After getting no joy from me, (I was polite enough not to say "No one else wants to share with DQG!") DQG's mother went to the headteacher and, after being told that no, DQG could not have a single room as there weren't any, asked if DQG could sleep on a mattress in the corridor to avoid sharing with SMG. She did not get any sympathy from Head.

After much more kerfuffle we all went on the trip and DQG shared a room with SMG and they were fine. (I kept an eye to make sure DQG was not bitchy to SMG).

DQG did seek attention by having a "sprained ankle" during trip but this magically recovered when she realised she wouldn't be able to go on the zip wire with a "sprained ankle".

Both my DDs did primary residentials. I allowed zero drama about room sharing. OP, please chill out and stop fuelling your child's anxiety and creating drama where there doesn't need to be any.

Best comment

fairylightsandwaxmelts · 07/05/2022 15:08

Irishshamrock · 07/05/2022 13:45

Please let me explain that I am actually the polar opposite to DD
it certainly isn’t my nervous energy!
i had had to really adjust to her - there are possibly Aspergers going on but it’s masked so well
ANY change is a massive deal, so the fact she was told she would know on the Friday and now doesn’t know is enough to upset her entire weekend
ill do all I can to encourage her, I asked on here for other persepectives as she’s only got a much older step DD who again would think nothing of this when younger

But if she doesn't go, her friend will be on her own.

Aspergers or not, ditching your best friend isn't nice.

MountainDewer · 07/05/2022 15:16

@fairylightsandwaxmelts does the best friend really care though? And does the best friend consider the OP's DD as HER 'best friend'?
I didn't have any 'best friends' at school but quite a few somehow considered me theirs...

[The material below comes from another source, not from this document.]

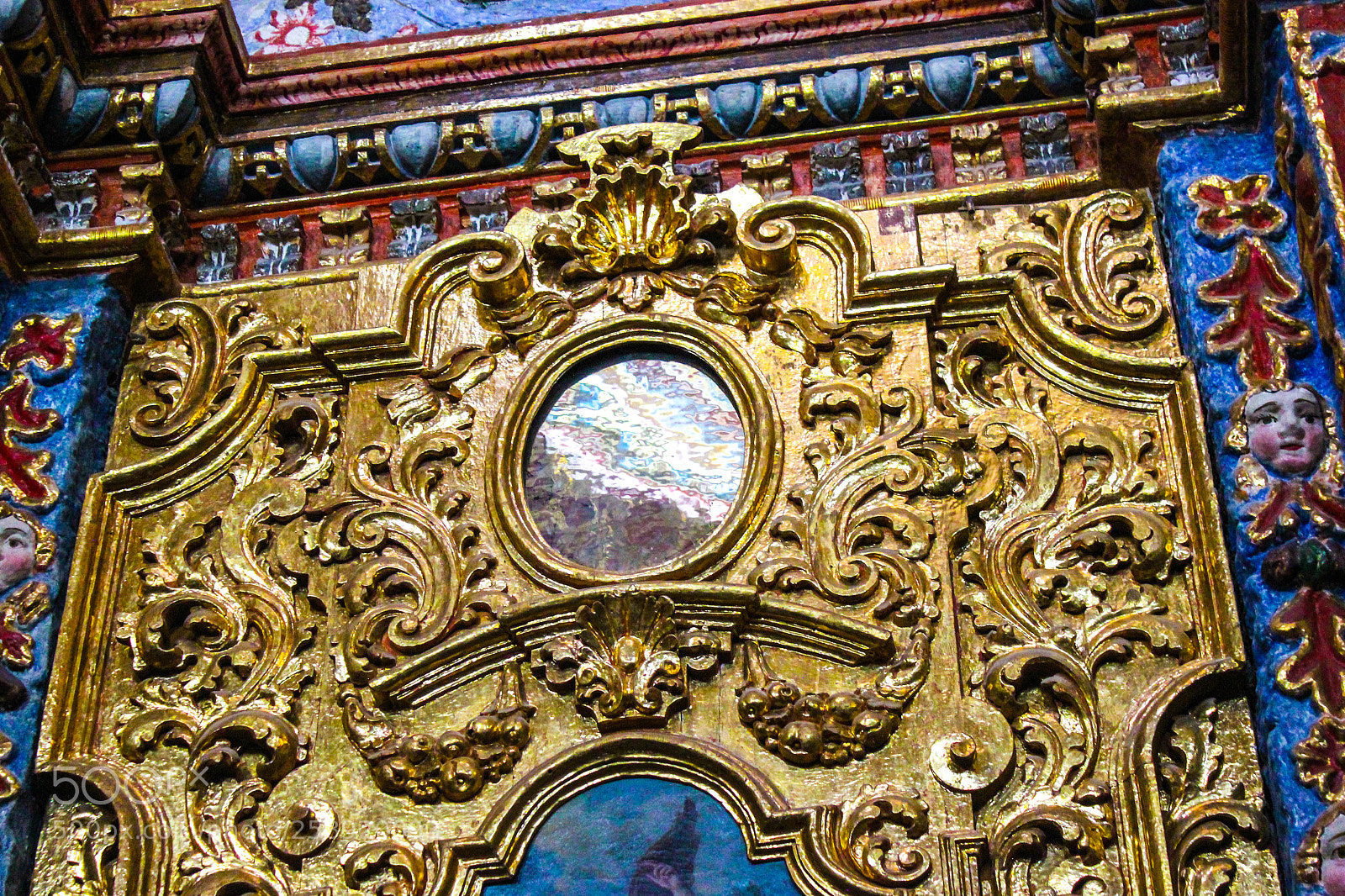 Canon EOS 550D (EOS Rebel T2i / EOS Kiss X4) sample photo. Museo nacional del virreinato photography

2bazookas · 07/05/2022 15:20

Just send her. She'll be fine. If she isn't, teacher will notice and re-arrange.

Experiences like this will help your daughter 's social development and confidence, make her less anxious.

Littlehello · 07/05/2022 15:26

Just a hug of encouragement for you OP. You are clearly a very caring mum and know your child best. Residentials are not the be all and end all to create a well adjusted, independent child/teenager/adult.

PriamFarrl · 07/05/2022 15:29

The teacher can't tell you because if they did then they would have to tell every other parent.